# Harlequin's Ghost



## Harlequin (May 30, 2014)

I am looking for some feedback on one of my newer albums entitled Harlequin's Ghost. It is an album which attempts to blend or bridge hip-hop with piano improvisation. The album is slower in tempo and has a haunting quality to it. All piano playing is impromptu or improvised.

Thank you

http://harlequinsrose.bandcamp.com/album/harlequins-ghost


----------



## Stirling (Nov 18, 2015)

No one want to tell you the truth, because it is highly likely to get the into trouble.


----------



## Harlequin (May 30, 2014)

Tis ok... I can take your criticism I am sure.


----------



## Harlequin (May 30, 2014)

Stirling, what did you mean with that by the way? I can understand people not liking what I produce as a musician but for them to be so incredible harsh, as you suggest, would be unbecoming of them. So that leads me to believe that there is something else you wish to say to me... so come out with it. Don't be shy, you, who is so eminent.

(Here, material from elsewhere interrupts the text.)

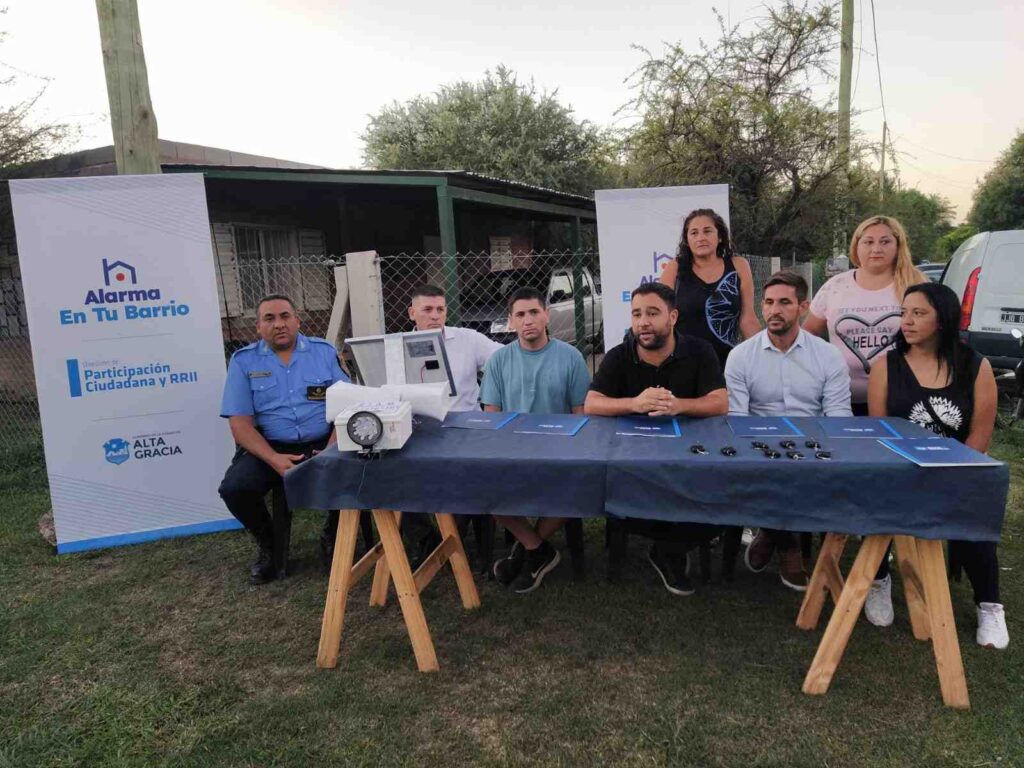 Lanzan el programa "Alarma en Tu Barrio" en La Perla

I listened to your music... by the way, and, well you definitely live up to the eminence which, I assume, you believe your self to have.


----------



## dzc4627 (Apr 23, 2015)

Don't be let down by the lack of criticism you might find here. This website is one of classical music and after listening to a few of your tracks I can definitely say they wouldn't follow under that category. They are nice, and sound professionally made. I found it a bit boring at times and kind of lacking in any emotional impact. Keep going, and try and find some other sites to get feedback on as you might not find what you are looking for here.


----------



## Harlequin (May 30, 2014)

Tis true... thank you for taking the time to listen. The reason I am on here is because I do not just produce those types of tracks. I love some classical movements and would like to produce piano pieces in a fashion like piano composers of the past. While, no, I am not there yet; I imagine in several years I will be. So I just meander about here and there on the internet killing time if you would. The only thing that got to me is Stirling's comment; I wager it was not directed at just my music but rather something of a racial nature. His reply that people would say things that get them in trouble made me think. I mean you can be vulgar about music but, really, are you going to waste that venomous nature on me.... unless Stirling was attacking it because it was hip hop, which I know people of supposed sophistication loathe. That is all I was responding to. I am not discouraged easily and love what I do... = ) Also I am white; just on a whim that Stirling had sleight handed intentions with his comment.


----------